The WfCommons Project

The WfCommons project is a community framework for enabling scientific workflow research and development by providing foundational tools for analyzing workflow execution instances, and generating synthetic, yet realistic, workflow instances that can be used to develop new techniques, algorithms and systems that can overcome the challenges of efficient and robust execution of ever larger workflows on increasingly complex distributed infrastructures. The figure below shows an overview of the workflow research life cycle process that integrates the three axis of the WfCommons project:


The WfCommons conceptual architecture.

The first axis (Workflow Instances) of the WfCommons project targets the collection and curation of open access production workflow executions from various scientific applications shared in a common instance format (i.e., The WfCommons JSON Format). We keep a list of workflow execution instances in our project website.

The second axis (Workflow Generator) of the WfCommons project targets the generation of realistic synthetic workflow instances based on workflow execution profiles extracted from execution instances. We are constantly seeking for additional workflow execution instances for refining or developing new workflow recipes for the WfCommons’s workflow generator.

The third axis (Workflow Simulator) of the WfCommons project fosters the use of simulation for the development, evaluation, and verification of scheduling and resource provisioning algorithms (e.g., multi-objective function optimization, etc.), evaluation of current and emerging computing platforms (e.g., clouds, IoT, extreme scale, etc.), among others. We keep a list of open source workflow management systems simulators and simulation frameworks that provide support for the WfCommons JSON format in our project website.
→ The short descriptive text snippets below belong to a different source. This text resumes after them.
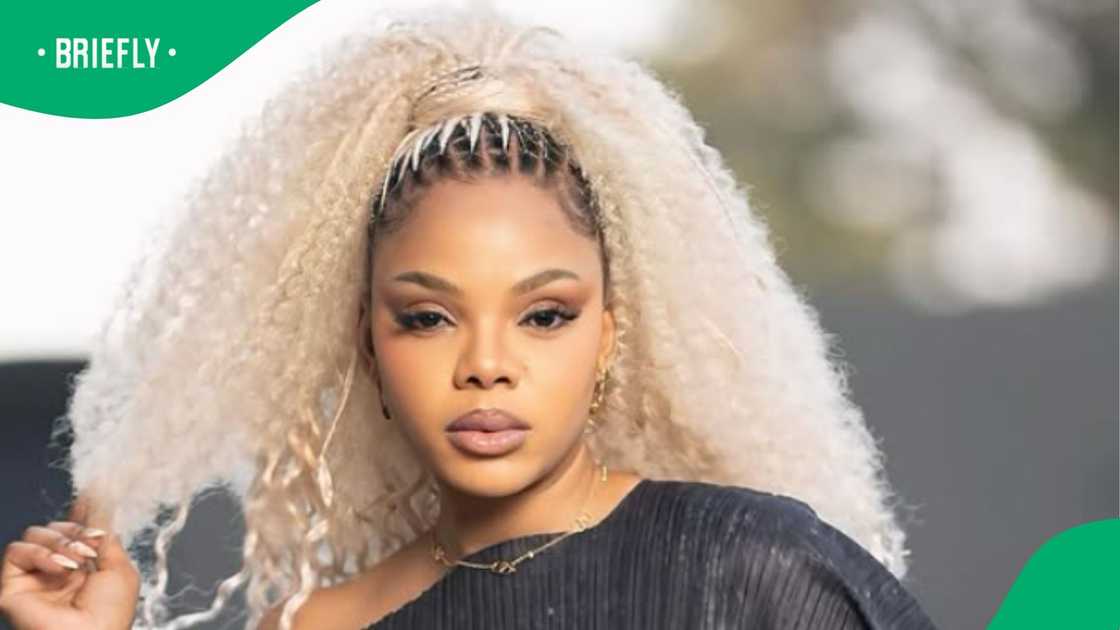 Londie London flaunts makeup-free selfie.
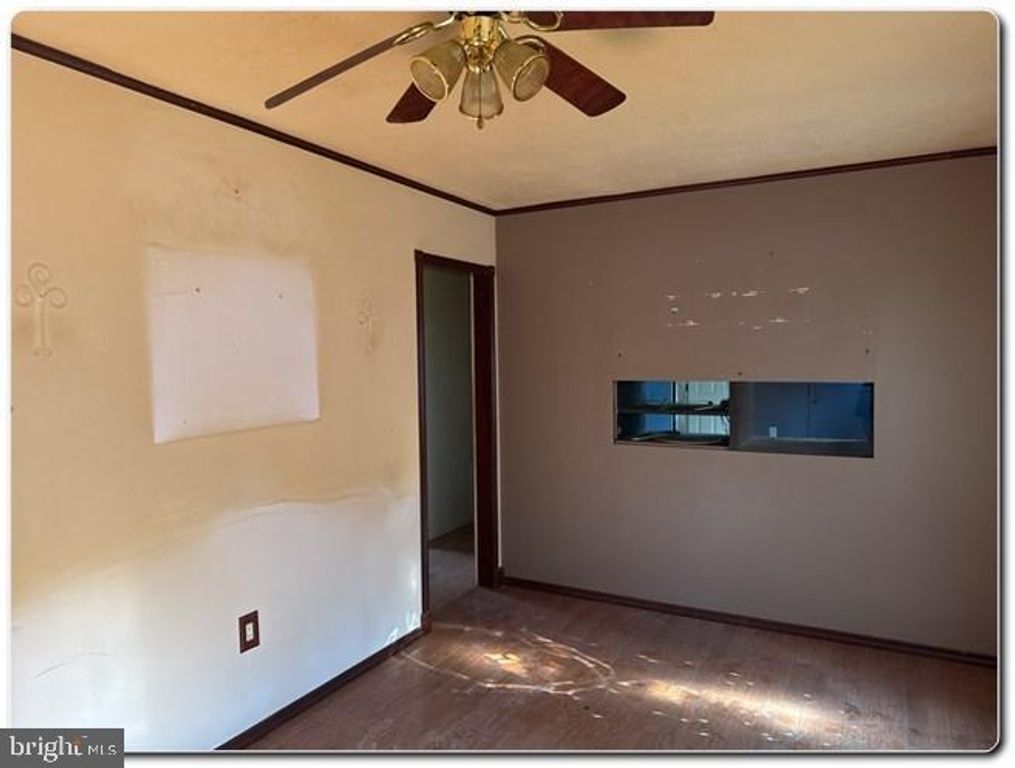 1146 VIOLET AVE, Williamstown, NJ 08094
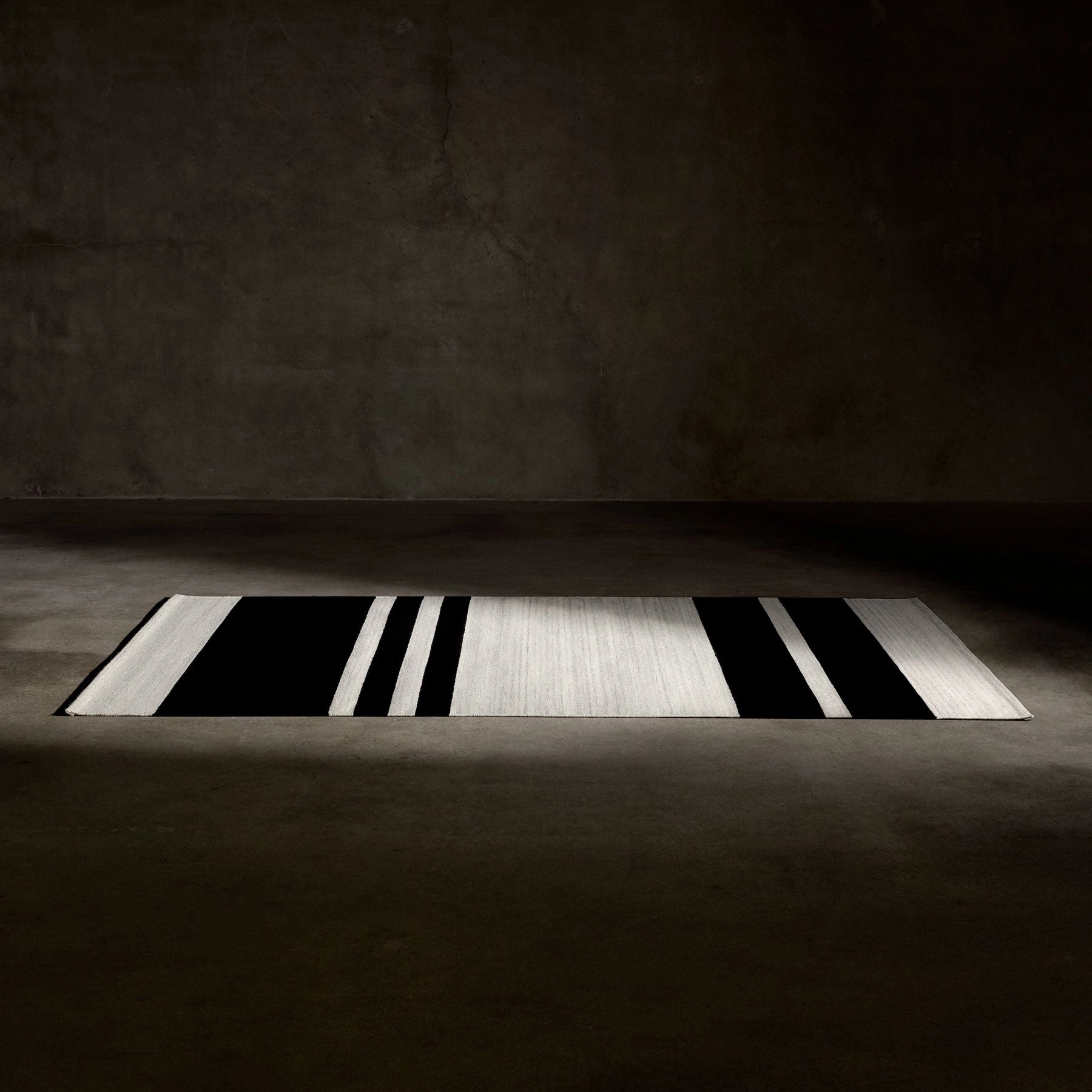 Multi Stripe Area Rug 8Ft X 10Ft - Natural/Black Stripe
This Python package provides a collection of tools for:

  • Analyzing instances of actual workflow executions;

  • Producing recipes structures for creating workflow recipes for workflow generation; and

  • Generating synthetic realistic workflow instances.

The WfCommons JSON Format

The WfCommons project uses a common format for representing workflow execution instances and generated synthetic workflows instances, so that workflow simulators and simulation frameworks (that provide support for WfCommons format) can use such instances interchangeably. This common format uses a JSON specification available in the WfCommons JSON schema GitHub repository. The current version of the WfCommons Python package uses the schema version 1.1. The schema GitHub repository provides detailed explanation of the WfCommons JSON format (including required fields), and also a validator script for verifying the compatibility of instances.